Monday, October 17, 2016

"A Poem on Little Russell's Passing" (October 17, 2016)

Florence Leonette ("Nettie") Flagg 



Nettie Cooke [nee Flagg] -- b. May 13, 1870 - d. July 20, 1904

Next month is the "Eighth Annual Great Genealogy Poetry Challenge" conceived and hosted by Bill West of West in New England blog. Under the Challenge rules, a poem submitted for inclusion in the Challenge can "be a poem you or one of your ancestors have written." This post is my submission for the Eighth Annual Challenge and it publishes a poem written by my great grandmother, Florence Leonette Flagg (pictured above as a young teen and as an adult). "Nettie," as she was always called, is the mother of my maternal grandmother, Ruth Eaton [Cooke] Carpenter. I posted previously about Nettie where I included another one of her poems, which can be viewed here.

Nettie had a short life that in many ways was tragic and I believe she turned to poetry to try to express her pain, her hope, and her discovery of respite and beauty when and where she could find it. She wrote numerous poems that are mostly sad, but they must have been cathartic for her given her experiences. I am very lucky and privileged to have several originals of her poetic writings and a few others that were transcribed by her eldest child (my grand aunt, Helen R. [Cooke] Roberts) from now lost originals.
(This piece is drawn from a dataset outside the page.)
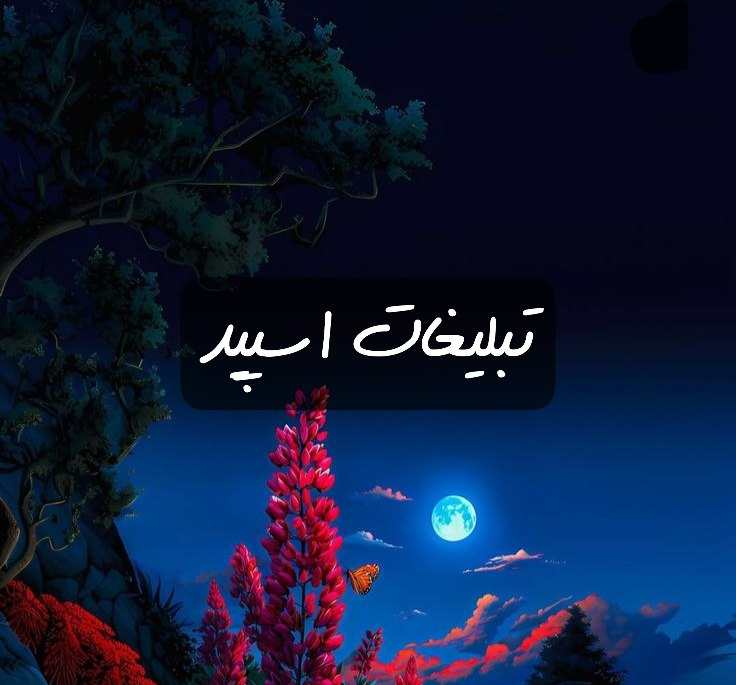 گروه تلگرام تهران سیتی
The poem in this post was written about 1894 when Nettie was twenty-four years old and as the images of the poem below show, this is one of the original poems in her handwriting that I now have in my collection.

To understand where Nettie's poem originates, it is necessary to provide some brief context and background about Nettie.
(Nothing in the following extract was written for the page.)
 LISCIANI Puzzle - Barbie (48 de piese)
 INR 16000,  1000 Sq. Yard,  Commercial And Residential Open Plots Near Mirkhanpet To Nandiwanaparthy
Nettie was born in 1870 to George W. Flagg and his wife, Mary J. ("Jennie") Eaton.  When Nettie was just two and half years old, her mother died at age 26. And then Nettie's father died at age 35 of "phthisis" (an archaic name for tuberculosis) when Nettie was barely nine years old.

By the time of the 1880 federal census, Nettie Flagg was living as a "boarder" in the home of Susannah Stanley (age 69) and her daughter Frances Stanley (age 30) in Attleborough, Massachusetts. She apparently lived with the Stanleys until she married Walter W. Cooke in August 1891 in North Attleborough. She and Walter had known one another since they were children and they were both 21 years old when they married.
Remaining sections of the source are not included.